A wide angle lens has a shorter focal length, and can thus compress the scene into an even smaller area. Therefore, the 35mm film will have a bigger scene, as if you were standing farther away. A telephoto lens is the opposite, a longer focal length compresses the scene lets and thus captures a smaller area, with more detail, as if you were closer.

Digital cameras have smaller sized image capture areas, so the focal length specifications are proportionally smaller. Because of the popularity of the 35mm format, manufacturers will often state the 35mm focal length equivalent.

Optical Zoom = a lens that has the ability to change its focal length is called a zoom lens. It contains a number of lenses that can be moved closer together for a wide angle shot or stretched further apart for a telephoto shot. When the focal length changes by the movement of the lenses, the optics, it is called optical zoom. This specification is more important for quality of zoom images than digital zoom (see also). Zooms vary widely from camera to camera, and are not necessarily proportional to megapixels.

Basic = 3x or less. Quality = 4-5x. Professional = 6 and above.
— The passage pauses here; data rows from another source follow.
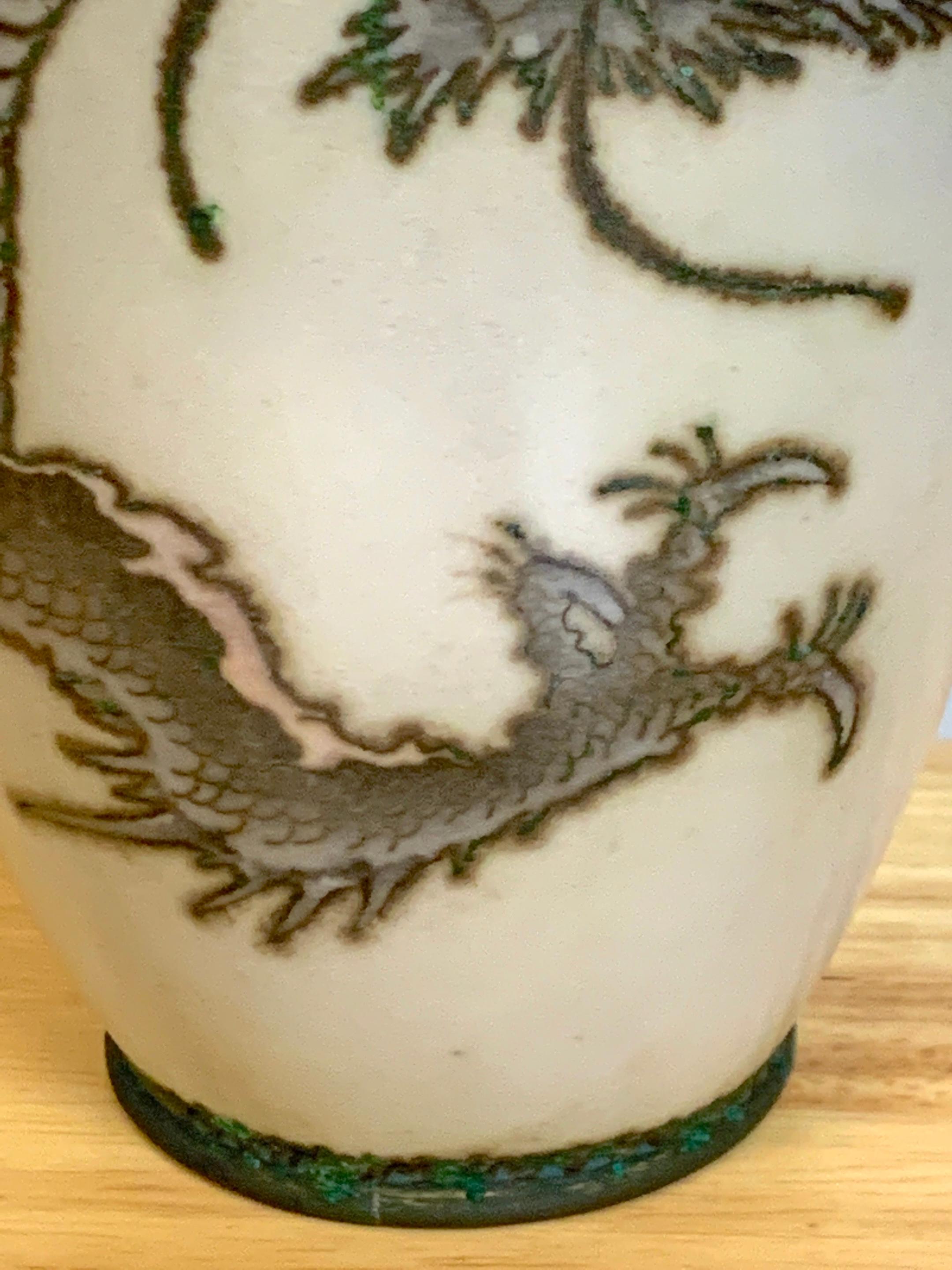 Exquisite japanische drahtlose Cloisonné-Vase mit Drachenmotiv, Meiji/Taisho-Periode im Angebot 1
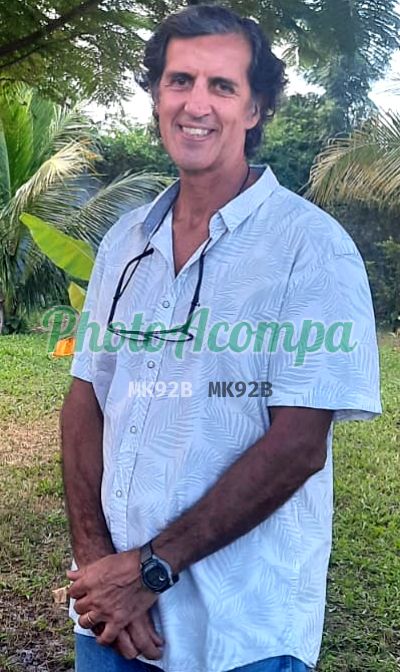 Adrián, garoto de programa em Salvador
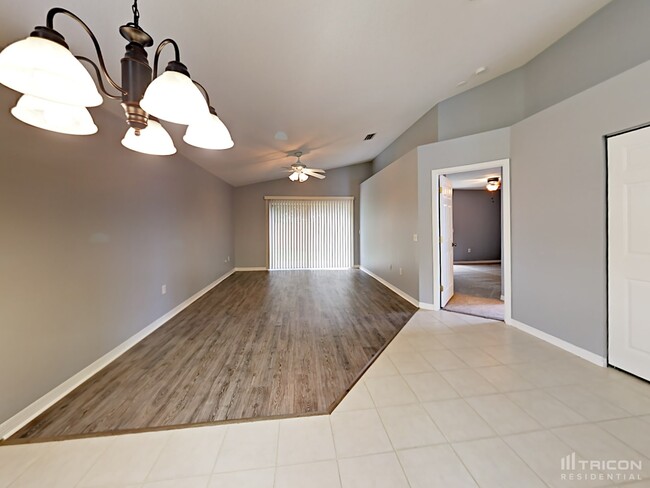 Building Photo - 22210 Bell Harbor Dr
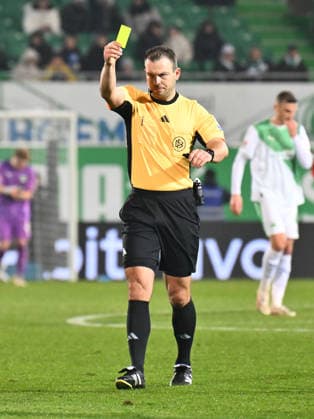 20.02.2026 - Fussball - Saison 2025 2026 - 2. Fussball - Bundesliga - 23. Spieltag: SpVgg Greuther Fürth ( Kleeblatt SGF ) - DSC Arminia Bielefeld - Sportfoto Zink - xwoxzix - DFL regulations prohibit any use of photographs as image sequences and or quasi-video - only for editorial use - Wolfgang Haslberger ( Schiedsrichter ) zeigt gelbe Karte Gelb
This camera has a 3.6x optical zoom, starting at a wide angle and zooming to the equivalent of 3 times normal (it's called 4x because from widest to closest is 4:1). That's the equivalent of a 35-140mm in 35mm cameras, and is standard quality.

Digital Zoom = a method of zooming on a digital camera either by increasing the size of the pixels in the image or by interpolating between them. The image doesn't physically get any closer and no extra information is collected, as the optics on the camera stay in place.

The process on some cameras is equivalent to cropping the image: Only data from the centre of the available image is stored, meaning the resolution or megapixel rating of the photograph is reduced, with a corresponding decrease in file size. The resulting image is identical to a photograph taken with no zoom, except that the unwanted edges of the image are discarded.

This camera has a 4x digital zoom, a standard feature.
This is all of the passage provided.